Page 175 - Labelle Gramercy, On the Case
P. 175
Jury-rigged
“Mr. Kriturs,” she resumed calmly, as if she hadn’t just heated me
to the boiling point yet again, “was not at his residence when the
second murder was committed. You found him late the next day at a
motel near the racetrack. He told you he was having the duplex
painted and getting security bars installed on the windows, so he and
his tenant were staying away a couple of nights while the place aired
out. You drove by his duplex, and it would have been obvious to
anyone passing by that it was temporarily unoccupied during the
remodeling. Was he in contact with any acquaintances at the track?”
“No. He kept to himself. He likes to gamble, but he’s not a party
animal.”
“Harder to find but easier to isolate than those sociable types,”
pontificated Lieutenant Gramercy. “Ms. Creighton, the student
waitress, does not work on weeknights, and, having no classes
scheduled, went upstate for a couple of days to visit high school
friends and do research in the library at the local college.

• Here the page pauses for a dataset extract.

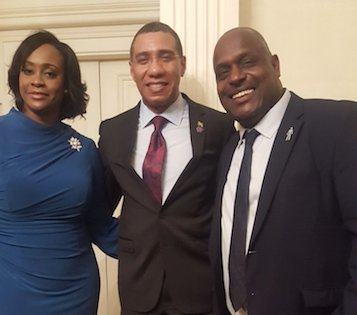 It was a great privilege to recently meet the Prime Minister of Jamaica @AndrewHolnessJM & @JulietHolness to discuss the major issue of #prostatecancer in #Jamaica. We hope to set up a branch of the new foundation there soon as well. @donovanbailey @ColinJackson @UKinCaribbean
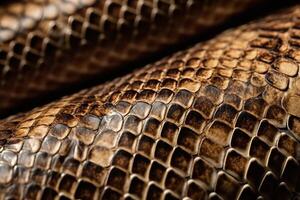 serpent cuir animal peau texture Contexte illustration avec génératif ai photo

Only those
three young women knew she was coming, and they putatively had
no connection with the Simulian family.”
I rolled my eyes. She did not notice.
“Juror number eight, Grant Bloch, was at home, asleep upstairs
that night. His mother evidently did not keep him up.”
“Another easy mark, given that fire escape,” I said. “I don’t think
he felt himself in any danger until Rea Rainger died. From his
responses, I concluded that he had formed an attachment to her
during the deliberations. The testimony had been rather abstract and
boring to him, and the verdict merely a sort of word game. Rea’s
death suddenly made the menace of the Simulians terribly real. As I
was leaving his house, I heard him crying out to his invalid mother
for comfort. Pathetic!”
“Perhaps,” replied Labelle. Did she think the guy was acting, or
was it my analysis of his character that was open to doubt? “Jerry Ko
was safe on the fifteenth: he and a couple of his coworkers were
taking a drag racer out to the desert on a trailer, an overnight trip.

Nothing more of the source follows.